Bedazzled by Broadway

With spirited singing and amazing stage presence, The Merry-An Singers from Sri Lanka brought alive the Best of Broadway

June 13, 2011 07:06 pm | Updated August 18, 2016 12:01 pm IST

CHENNAI, 11/06/2011: The Merry-An Singers from Srilanka performing at `Best of Broadway’ held at Museum Theatre at Egmore in Chennai on Saturday. Photo: S_S_Kumar

CHENNAI, 11/06/2011: The Merry-An Singers from Srilanka performing at `Best of Broadway’ held at Museum Theatre at Egmore in Chennai on Saturday. Photo: S_S_Kumar

That top hat….

Balanced with flamboyance at the finger-tip, this satin-lined accessory becomes much more. It is reminiscence and skill, melody and mirth, and song. It is Broadway.

One glimpse calls to mind many icons: Fred Astaire and Judy Garland, an Easter Parade, a White Christmas, an extraordinary song-writer named Irving Berlin, a girl with a gun known as Annie, and that ‘There's No Business Like Show Business'.

That hat, worn with high heels kicking the air, arrests in its low-set brim the exhilaration, the wonder, the delight of the Broadway musical at its best.

Much of that high spirit was captured over the weekend when the Madras Musical Association hosted a charity concert in aid of the Little Sisters of the Poor-Home for the Aged featuring The Merry-An Singers from Sri Lanka in ‘The Best of Broadway'.

Beginning with that Broadway anthem ‘That's Entertainment' from the musical “The Band Wagon”, the singers moved effortlessly between sets with a touch of the 1920s, when musicals were at their prime, reminiscent of glowing summer afternoons and shiny, dark nightclubs. In a flourish of colour, dance and incredibly spot-on costumes, they put the audience through the paces of love in ‘Hello! Dolly' from the musical of the same name, separation in “South Pacific's” ‘There's Nothing Like a Dame', success in ‘Puttin' On The Ritz' and fortitude in “The Sound of Music's” ‘Climb Every Mountain'.
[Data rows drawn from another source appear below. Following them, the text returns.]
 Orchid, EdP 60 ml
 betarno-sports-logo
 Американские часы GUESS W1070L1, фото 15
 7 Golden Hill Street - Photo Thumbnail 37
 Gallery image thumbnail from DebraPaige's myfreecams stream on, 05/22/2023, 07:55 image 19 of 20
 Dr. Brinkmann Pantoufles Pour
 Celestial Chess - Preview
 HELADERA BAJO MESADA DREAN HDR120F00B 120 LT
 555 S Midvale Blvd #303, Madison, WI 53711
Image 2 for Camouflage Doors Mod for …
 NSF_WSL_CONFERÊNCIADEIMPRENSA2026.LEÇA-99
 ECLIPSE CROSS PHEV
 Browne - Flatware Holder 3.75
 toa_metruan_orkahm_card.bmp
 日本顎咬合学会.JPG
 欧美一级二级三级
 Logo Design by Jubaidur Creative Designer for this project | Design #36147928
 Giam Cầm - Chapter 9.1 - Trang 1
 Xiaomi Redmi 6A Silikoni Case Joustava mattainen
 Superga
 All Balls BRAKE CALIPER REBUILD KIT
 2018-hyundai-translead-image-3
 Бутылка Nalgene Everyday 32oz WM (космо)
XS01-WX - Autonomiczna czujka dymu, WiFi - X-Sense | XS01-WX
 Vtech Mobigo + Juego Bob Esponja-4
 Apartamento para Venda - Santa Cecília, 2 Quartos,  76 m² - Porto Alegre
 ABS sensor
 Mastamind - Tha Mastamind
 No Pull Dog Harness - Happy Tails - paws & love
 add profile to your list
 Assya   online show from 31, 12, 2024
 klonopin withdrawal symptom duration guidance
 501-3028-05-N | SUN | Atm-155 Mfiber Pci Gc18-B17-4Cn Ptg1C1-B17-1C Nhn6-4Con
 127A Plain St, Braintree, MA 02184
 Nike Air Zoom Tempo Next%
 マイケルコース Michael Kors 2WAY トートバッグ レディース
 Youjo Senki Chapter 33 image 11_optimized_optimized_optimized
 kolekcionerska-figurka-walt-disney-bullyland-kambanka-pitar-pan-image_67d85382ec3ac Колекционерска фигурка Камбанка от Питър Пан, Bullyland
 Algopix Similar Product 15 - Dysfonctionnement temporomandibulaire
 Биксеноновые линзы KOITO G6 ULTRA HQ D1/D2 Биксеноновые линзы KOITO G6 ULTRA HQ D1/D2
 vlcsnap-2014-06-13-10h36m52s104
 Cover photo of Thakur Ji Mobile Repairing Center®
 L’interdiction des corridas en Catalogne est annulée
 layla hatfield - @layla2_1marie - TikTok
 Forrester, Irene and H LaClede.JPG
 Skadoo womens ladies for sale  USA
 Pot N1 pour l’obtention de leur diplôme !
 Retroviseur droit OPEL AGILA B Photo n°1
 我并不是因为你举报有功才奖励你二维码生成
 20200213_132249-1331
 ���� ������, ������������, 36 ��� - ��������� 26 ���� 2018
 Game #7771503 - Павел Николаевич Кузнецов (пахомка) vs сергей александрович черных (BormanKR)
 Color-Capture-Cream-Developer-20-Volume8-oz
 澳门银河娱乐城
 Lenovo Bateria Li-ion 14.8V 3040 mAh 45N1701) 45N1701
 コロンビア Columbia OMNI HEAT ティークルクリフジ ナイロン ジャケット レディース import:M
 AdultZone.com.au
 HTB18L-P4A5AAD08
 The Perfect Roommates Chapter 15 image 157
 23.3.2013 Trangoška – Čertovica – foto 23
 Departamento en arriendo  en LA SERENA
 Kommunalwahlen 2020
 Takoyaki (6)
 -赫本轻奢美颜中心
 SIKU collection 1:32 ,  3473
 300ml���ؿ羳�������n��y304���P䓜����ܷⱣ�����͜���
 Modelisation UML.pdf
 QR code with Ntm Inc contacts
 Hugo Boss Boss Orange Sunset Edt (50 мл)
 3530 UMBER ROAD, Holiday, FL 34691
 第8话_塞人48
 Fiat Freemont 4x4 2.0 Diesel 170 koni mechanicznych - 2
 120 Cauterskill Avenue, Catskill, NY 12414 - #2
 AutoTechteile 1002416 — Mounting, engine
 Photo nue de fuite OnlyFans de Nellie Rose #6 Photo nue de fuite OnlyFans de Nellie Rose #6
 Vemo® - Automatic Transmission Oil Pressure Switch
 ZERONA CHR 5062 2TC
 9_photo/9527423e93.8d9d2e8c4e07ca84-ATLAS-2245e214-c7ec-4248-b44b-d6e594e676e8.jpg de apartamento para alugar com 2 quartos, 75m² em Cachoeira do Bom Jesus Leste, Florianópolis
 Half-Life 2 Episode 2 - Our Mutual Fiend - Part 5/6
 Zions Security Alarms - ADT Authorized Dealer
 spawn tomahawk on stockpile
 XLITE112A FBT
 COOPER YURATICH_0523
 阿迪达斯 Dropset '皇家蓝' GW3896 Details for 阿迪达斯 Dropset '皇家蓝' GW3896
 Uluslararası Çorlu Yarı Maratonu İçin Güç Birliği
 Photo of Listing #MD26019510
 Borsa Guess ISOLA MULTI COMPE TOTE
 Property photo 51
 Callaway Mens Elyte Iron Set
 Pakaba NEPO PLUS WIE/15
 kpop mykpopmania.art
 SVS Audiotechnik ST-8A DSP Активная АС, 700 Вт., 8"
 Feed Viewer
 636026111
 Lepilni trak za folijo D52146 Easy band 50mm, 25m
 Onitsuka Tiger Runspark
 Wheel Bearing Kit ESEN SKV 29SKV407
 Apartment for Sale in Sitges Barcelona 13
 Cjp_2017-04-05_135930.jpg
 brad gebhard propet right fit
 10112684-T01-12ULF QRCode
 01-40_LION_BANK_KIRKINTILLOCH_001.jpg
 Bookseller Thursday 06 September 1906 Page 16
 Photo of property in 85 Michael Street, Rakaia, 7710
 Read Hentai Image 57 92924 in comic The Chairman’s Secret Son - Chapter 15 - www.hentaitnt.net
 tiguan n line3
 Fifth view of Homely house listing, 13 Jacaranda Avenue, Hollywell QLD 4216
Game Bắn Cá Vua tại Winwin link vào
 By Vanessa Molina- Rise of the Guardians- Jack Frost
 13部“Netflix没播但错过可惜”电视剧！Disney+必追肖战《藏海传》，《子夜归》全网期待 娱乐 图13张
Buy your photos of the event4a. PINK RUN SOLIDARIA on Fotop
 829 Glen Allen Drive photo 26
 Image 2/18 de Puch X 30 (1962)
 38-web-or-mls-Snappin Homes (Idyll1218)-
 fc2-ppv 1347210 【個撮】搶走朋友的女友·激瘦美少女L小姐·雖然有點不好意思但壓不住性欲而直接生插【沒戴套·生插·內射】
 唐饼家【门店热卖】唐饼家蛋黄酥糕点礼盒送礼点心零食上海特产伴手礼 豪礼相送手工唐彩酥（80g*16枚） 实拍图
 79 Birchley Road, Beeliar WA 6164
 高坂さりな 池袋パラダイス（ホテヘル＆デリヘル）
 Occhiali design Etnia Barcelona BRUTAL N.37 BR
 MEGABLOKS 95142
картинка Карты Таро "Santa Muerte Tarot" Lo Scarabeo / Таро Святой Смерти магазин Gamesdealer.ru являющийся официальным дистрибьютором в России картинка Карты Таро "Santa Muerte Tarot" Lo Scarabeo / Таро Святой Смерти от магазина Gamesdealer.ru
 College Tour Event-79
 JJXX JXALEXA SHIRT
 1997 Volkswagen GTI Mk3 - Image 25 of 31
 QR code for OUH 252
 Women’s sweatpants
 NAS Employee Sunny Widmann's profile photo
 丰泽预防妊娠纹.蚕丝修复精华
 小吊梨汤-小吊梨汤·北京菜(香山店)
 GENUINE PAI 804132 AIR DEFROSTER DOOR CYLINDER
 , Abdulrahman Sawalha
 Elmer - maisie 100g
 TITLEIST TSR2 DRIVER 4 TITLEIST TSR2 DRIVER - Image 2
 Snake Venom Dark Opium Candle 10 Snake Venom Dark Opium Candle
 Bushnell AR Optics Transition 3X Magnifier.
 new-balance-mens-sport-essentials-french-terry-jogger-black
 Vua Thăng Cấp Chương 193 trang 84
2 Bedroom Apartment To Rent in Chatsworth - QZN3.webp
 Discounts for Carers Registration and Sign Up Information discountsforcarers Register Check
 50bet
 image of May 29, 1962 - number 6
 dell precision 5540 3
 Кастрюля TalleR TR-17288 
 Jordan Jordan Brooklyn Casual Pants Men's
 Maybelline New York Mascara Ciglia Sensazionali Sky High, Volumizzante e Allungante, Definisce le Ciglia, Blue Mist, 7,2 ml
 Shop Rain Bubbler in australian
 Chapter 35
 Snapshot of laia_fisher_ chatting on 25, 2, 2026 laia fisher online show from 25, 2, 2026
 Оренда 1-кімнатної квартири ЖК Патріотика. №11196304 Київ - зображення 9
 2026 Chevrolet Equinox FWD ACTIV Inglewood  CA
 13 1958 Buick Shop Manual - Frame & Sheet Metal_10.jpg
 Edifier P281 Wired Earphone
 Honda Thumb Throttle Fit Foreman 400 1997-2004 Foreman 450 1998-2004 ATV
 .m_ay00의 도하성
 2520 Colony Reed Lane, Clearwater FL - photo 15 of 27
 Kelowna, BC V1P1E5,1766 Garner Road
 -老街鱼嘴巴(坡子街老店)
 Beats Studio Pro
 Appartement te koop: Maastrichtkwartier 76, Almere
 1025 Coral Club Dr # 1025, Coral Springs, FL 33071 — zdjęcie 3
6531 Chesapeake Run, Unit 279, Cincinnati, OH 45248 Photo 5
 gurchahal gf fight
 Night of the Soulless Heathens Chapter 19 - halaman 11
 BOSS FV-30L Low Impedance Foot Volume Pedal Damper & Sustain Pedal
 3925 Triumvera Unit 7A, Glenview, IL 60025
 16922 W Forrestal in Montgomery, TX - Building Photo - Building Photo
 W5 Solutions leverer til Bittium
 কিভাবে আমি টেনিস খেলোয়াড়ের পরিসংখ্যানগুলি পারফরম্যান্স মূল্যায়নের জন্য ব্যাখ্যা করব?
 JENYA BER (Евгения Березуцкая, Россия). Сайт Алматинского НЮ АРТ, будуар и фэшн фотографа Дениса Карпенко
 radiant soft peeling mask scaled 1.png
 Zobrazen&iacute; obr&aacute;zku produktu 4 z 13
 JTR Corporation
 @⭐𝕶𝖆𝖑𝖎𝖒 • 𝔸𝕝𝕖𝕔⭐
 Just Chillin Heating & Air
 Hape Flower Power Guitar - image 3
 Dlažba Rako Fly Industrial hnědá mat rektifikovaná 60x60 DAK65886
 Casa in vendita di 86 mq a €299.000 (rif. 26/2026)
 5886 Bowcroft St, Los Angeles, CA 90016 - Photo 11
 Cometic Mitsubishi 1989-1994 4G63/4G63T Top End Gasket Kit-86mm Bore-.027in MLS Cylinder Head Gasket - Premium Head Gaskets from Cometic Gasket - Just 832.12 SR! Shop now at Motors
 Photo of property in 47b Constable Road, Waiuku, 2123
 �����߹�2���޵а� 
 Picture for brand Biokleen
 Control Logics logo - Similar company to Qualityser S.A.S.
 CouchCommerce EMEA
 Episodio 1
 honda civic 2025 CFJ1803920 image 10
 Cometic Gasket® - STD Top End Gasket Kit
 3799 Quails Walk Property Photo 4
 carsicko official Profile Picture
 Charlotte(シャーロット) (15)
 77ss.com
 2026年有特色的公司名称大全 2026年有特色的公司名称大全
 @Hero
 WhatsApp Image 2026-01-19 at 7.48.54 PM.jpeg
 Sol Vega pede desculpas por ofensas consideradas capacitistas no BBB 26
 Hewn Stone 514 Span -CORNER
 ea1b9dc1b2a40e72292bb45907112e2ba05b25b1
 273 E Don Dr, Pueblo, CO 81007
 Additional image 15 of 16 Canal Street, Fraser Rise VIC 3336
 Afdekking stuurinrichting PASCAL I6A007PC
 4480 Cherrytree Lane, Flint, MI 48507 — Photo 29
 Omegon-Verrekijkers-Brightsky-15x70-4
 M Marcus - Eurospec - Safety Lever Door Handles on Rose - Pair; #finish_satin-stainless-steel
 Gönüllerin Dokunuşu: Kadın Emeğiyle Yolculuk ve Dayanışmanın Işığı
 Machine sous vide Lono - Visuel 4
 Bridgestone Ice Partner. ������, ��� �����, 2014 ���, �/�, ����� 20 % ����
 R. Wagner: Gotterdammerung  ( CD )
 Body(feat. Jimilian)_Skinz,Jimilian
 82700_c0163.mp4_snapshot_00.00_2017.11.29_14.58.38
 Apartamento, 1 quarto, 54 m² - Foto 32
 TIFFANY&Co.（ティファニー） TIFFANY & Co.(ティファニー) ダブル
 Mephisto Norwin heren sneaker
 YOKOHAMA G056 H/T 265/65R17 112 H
Magical voices with incredible range wafted over the microphone and the songs were delivered with sentiment befitting the era — André David's ‘There's No Business Like Show Business' from the Berlin masterpiece “Annie Get Your Gun” evoked images of gorgeous sunsets, cowboys in tassel-happy suits, ballgowns with bustles and our endearing love for show people. His ‘Reviewing The Situation' from “Oliver” was a wonderful take on Fagin thinking of reasons to stay honest. ‘Night Fever' from “Saturday Night Fever” was sung with superior voice modulation and imitated Barry Gibb's falsetto to a T. Suchiththa Wickramasooriya's rendition of ‘Sunny Side Of The Street' from “Lew Leslie's International Revue” lent credence to his well-rounded voice. ‘Stranger in Paradise' (“Kismet”) by Julius Mitchell had all the poignancy of heart-crossed lovers and Joshua Asokan's ‘Poor Little Oyster' from “Fifty Million Frenchmen” rendered in his choirboy tenor had panache and class.

Style and substance

Inakshi Sirimanne not only has an arresting voice, her stage presence was equally striking in ‘Cabaret', ‘I Enjoy Being A Girl' and Cole Porter's ‘I Love Paris' from “Can Can”. Anushiya Bastiampillai excelled as the Mother Abbess in Rodgers' and Hammerstein's ‘Climb Every Mountain'. Sandani Wijetunge in ‘C'est Magnifique', Mihara Jayalath in ‘You Can't Get A Man With A Gun', and Shamistha De Silva in ‘What A Feeling' lent plenty of style and spirit to the show. Priyadarshini, Ryan de Mel, Upul Bandara and Yanitra Kumaraguru were also part of the performance by the 30-year-old singing group based in Colombo and tutored by the gracious Mary Anne David and the charming Andrew David.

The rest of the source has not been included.